* [Work task]: Find the line containing "V2003 DI REBUILDING" in the entries below. Restate it and each line after it, word for word, up to and including the line containing "Image number 1 for".

(Saved data entries)
• • • • •

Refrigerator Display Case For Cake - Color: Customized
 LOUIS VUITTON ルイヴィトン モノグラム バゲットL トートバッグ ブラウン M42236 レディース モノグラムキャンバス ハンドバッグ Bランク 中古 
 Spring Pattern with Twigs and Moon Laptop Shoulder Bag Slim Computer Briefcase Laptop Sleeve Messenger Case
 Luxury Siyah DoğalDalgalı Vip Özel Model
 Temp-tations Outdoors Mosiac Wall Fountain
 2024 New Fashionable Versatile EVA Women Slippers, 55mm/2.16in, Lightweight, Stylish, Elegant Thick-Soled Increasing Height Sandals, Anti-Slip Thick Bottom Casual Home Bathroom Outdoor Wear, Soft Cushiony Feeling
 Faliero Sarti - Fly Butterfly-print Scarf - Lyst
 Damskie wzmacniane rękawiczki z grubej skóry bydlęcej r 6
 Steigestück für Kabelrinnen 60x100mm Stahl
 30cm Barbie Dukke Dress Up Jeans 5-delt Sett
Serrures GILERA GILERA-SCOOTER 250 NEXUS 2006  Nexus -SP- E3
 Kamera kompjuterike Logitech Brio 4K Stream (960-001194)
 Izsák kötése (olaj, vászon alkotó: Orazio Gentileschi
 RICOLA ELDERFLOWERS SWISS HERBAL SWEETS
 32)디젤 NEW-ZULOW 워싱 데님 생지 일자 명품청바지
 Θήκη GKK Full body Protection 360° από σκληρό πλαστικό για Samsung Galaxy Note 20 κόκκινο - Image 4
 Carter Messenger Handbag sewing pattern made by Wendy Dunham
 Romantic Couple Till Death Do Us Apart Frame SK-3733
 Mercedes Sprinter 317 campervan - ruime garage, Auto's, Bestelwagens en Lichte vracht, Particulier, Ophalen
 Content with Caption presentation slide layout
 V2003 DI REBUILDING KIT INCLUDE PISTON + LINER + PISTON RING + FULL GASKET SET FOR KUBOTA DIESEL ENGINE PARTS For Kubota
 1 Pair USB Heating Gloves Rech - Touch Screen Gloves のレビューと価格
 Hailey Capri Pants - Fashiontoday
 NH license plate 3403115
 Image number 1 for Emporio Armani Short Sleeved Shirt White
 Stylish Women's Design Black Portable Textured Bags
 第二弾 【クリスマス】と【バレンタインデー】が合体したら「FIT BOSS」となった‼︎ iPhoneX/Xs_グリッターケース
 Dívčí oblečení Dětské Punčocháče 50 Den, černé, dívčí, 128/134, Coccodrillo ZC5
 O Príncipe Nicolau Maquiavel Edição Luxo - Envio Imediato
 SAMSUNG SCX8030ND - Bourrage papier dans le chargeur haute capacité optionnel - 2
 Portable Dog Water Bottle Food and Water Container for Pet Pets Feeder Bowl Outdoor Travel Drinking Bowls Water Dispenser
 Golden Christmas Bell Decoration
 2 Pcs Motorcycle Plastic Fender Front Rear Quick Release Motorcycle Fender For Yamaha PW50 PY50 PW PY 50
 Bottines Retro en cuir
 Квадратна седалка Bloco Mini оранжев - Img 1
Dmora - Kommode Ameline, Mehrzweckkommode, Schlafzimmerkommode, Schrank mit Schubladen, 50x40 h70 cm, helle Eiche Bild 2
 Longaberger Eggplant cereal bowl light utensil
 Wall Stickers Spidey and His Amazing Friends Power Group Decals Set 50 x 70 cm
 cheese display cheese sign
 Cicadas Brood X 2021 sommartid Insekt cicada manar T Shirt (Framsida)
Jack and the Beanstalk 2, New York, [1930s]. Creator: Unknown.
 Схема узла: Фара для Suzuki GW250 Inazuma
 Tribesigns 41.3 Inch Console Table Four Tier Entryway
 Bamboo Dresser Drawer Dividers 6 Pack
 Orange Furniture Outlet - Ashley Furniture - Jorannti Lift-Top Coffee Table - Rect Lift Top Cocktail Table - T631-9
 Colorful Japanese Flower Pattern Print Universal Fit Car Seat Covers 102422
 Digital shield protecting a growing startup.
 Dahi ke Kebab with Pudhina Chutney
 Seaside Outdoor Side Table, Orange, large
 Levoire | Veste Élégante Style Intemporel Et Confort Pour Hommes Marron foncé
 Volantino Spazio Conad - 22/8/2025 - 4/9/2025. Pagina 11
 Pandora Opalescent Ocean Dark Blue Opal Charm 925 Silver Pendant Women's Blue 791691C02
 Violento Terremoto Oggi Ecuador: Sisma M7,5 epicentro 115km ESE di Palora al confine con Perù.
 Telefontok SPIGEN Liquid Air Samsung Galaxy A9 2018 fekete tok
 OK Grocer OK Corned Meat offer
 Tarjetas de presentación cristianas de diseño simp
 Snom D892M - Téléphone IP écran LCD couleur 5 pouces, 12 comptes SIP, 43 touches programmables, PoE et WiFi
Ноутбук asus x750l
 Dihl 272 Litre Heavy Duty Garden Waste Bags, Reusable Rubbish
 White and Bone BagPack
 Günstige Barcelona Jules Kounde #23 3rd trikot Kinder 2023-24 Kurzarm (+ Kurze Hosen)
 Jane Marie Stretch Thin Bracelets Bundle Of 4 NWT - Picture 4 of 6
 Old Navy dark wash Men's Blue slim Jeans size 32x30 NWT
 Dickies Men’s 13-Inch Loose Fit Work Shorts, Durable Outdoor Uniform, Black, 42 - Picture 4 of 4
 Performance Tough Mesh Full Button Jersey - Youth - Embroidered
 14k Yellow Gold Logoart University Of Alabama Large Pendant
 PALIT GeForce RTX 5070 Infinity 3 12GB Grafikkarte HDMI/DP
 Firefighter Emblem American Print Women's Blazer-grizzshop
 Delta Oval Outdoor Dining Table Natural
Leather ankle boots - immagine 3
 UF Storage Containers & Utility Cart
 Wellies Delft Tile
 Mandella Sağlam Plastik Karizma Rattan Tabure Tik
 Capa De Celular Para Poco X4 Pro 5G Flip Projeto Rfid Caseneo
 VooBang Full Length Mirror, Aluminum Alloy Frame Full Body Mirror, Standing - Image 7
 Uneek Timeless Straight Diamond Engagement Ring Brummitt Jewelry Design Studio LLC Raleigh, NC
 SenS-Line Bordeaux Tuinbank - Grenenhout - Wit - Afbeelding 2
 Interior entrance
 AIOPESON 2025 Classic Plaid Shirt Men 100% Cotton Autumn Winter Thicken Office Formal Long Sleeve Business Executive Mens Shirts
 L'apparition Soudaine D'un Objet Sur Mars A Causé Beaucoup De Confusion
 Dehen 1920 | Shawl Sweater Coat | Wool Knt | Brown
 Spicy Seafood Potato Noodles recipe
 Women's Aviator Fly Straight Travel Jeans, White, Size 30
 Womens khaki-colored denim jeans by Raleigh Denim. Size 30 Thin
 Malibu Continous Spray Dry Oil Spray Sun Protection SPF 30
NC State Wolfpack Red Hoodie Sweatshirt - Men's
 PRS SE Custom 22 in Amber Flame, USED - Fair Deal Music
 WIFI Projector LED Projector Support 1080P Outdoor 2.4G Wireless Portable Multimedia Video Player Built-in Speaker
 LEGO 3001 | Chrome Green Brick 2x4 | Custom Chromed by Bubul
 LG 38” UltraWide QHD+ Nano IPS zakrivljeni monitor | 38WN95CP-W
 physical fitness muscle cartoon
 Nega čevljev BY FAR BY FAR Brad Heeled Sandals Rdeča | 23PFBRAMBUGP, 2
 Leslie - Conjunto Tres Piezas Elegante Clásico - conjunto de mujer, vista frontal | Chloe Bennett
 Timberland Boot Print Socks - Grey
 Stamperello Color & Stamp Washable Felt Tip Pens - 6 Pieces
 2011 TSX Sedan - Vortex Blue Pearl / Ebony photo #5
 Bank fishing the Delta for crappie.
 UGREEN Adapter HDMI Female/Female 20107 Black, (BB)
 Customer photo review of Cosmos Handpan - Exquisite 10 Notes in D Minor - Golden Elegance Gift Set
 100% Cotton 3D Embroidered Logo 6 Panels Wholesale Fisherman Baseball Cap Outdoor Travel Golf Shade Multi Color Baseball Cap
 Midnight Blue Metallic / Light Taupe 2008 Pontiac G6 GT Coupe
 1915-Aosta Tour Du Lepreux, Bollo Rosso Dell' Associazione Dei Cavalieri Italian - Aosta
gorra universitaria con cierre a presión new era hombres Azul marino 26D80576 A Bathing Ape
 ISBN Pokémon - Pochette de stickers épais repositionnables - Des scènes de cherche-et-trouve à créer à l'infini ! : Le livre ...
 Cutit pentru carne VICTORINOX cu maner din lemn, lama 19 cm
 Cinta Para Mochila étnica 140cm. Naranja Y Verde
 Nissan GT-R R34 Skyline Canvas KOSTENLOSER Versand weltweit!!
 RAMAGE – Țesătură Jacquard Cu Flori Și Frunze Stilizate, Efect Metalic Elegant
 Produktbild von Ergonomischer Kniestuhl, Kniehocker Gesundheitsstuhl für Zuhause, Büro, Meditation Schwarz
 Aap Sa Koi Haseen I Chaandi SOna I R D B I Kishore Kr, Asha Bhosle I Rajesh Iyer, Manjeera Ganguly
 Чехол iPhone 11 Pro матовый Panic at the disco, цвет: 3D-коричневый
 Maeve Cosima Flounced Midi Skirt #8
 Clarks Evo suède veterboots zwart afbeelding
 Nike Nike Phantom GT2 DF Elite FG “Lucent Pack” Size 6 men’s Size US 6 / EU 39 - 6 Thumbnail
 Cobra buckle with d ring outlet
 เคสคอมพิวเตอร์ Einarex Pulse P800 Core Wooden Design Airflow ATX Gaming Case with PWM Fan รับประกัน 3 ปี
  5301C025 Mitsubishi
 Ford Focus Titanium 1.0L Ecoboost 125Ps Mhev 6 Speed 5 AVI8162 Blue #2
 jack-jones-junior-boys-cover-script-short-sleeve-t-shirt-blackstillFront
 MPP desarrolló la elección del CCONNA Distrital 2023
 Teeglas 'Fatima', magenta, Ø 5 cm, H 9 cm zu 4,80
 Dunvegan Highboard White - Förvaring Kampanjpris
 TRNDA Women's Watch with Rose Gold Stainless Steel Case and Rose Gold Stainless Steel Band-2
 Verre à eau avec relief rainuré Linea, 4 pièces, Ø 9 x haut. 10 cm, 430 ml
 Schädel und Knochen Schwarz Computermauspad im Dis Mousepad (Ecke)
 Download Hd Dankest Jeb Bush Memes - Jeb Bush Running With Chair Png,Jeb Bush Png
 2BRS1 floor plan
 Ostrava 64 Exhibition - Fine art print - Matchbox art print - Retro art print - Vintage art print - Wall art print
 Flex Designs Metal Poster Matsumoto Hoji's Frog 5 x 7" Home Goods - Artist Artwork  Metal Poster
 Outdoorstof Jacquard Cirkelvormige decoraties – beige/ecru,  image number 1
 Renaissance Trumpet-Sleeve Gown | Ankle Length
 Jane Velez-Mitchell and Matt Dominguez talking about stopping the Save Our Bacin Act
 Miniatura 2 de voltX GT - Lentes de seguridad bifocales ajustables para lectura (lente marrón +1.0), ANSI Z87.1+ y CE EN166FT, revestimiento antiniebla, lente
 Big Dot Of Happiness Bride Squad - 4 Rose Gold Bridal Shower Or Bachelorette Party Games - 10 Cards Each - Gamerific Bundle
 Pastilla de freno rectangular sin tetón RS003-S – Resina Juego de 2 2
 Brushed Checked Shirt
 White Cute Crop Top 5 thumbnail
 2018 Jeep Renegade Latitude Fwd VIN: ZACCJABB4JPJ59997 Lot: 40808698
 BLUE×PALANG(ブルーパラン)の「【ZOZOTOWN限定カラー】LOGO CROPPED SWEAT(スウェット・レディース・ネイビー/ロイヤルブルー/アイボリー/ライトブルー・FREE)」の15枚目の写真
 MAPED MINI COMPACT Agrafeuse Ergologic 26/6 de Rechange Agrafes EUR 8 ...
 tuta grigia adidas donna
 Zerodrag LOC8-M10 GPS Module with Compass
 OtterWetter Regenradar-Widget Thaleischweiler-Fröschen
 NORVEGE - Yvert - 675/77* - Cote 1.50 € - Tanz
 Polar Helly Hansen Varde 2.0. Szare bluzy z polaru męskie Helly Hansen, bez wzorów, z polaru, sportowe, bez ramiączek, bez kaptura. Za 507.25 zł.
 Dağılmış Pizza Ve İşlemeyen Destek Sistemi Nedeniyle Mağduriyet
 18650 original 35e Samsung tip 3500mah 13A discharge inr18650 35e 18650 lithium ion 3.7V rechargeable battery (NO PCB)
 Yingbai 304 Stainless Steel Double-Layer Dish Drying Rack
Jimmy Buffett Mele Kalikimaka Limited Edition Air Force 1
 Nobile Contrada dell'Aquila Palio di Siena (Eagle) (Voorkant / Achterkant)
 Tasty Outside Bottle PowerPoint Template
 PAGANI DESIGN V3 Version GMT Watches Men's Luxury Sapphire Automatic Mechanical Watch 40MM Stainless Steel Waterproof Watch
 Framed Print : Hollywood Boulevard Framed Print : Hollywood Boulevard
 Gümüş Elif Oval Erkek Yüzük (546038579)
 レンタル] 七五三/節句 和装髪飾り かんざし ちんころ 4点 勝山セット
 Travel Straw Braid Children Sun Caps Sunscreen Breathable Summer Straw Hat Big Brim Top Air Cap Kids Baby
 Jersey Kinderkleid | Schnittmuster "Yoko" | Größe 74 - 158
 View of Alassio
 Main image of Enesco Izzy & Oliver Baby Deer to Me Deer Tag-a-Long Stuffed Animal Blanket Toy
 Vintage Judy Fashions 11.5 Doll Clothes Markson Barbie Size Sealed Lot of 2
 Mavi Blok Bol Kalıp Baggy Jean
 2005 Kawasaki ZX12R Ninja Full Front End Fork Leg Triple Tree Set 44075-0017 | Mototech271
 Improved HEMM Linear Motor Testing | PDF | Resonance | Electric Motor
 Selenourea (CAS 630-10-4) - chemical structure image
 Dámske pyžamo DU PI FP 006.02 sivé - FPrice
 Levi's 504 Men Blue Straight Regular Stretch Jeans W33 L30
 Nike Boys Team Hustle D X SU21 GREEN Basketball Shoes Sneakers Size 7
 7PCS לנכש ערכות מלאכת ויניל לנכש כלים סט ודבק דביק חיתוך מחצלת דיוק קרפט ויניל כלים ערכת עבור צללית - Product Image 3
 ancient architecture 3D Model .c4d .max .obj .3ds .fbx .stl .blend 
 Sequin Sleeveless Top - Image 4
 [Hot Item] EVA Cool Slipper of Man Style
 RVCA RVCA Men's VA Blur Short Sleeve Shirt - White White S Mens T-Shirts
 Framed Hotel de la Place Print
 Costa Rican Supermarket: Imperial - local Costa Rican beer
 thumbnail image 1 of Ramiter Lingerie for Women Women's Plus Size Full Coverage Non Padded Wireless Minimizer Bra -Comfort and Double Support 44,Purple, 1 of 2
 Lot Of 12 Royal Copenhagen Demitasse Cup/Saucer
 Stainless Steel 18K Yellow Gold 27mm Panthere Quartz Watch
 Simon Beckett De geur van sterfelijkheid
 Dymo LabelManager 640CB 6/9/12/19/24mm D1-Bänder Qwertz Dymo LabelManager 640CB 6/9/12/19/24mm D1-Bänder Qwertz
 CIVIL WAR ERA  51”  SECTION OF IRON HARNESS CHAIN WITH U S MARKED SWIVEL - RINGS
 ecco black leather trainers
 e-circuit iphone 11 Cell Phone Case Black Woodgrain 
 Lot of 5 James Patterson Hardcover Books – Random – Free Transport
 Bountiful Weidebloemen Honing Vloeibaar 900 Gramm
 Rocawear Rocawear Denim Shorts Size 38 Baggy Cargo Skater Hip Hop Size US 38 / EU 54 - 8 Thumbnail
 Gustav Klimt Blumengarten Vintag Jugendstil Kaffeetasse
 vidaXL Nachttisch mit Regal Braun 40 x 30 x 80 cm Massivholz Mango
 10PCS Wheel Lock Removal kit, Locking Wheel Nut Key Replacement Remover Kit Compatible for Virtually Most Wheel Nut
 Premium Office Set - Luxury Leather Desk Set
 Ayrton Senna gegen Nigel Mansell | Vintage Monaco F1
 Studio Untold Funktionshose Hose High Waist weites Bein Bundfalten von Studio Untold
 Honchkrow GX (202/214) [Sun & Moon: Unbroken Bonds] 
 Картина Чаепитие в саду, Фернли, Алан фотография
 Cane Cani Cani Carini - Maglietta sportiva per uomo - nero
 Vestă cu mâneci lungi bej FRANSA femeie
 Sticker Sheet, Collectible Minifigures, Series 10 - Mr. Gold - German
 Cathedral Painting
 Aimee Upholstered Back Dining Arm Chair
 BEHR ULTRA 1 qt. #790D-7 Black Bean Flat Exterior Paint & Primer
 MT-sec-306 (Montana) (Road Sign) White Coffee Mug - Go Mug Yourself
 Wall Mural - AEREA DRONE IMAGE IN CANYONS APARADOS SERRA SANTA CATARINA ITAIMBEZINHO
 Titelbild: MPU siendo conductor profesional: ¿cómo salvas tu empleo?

• • • • •

* [Your solution]:
 V2003 DI REBUILDING KIT INCLUDE PISTON + LINER + PISTON RING + FULL GASKET SET FOR KUBOTA DIESEL ENGINE PARTS For Kubota
 1 Pair USB Heating Gloves Rech - Touch Screen Gloves のレビューと価格
 Hailey Capri Pants - Fashiontoday
 NH license plate 3403115
 Image number 1 for Emporio Armani Short Sleeved Shirt White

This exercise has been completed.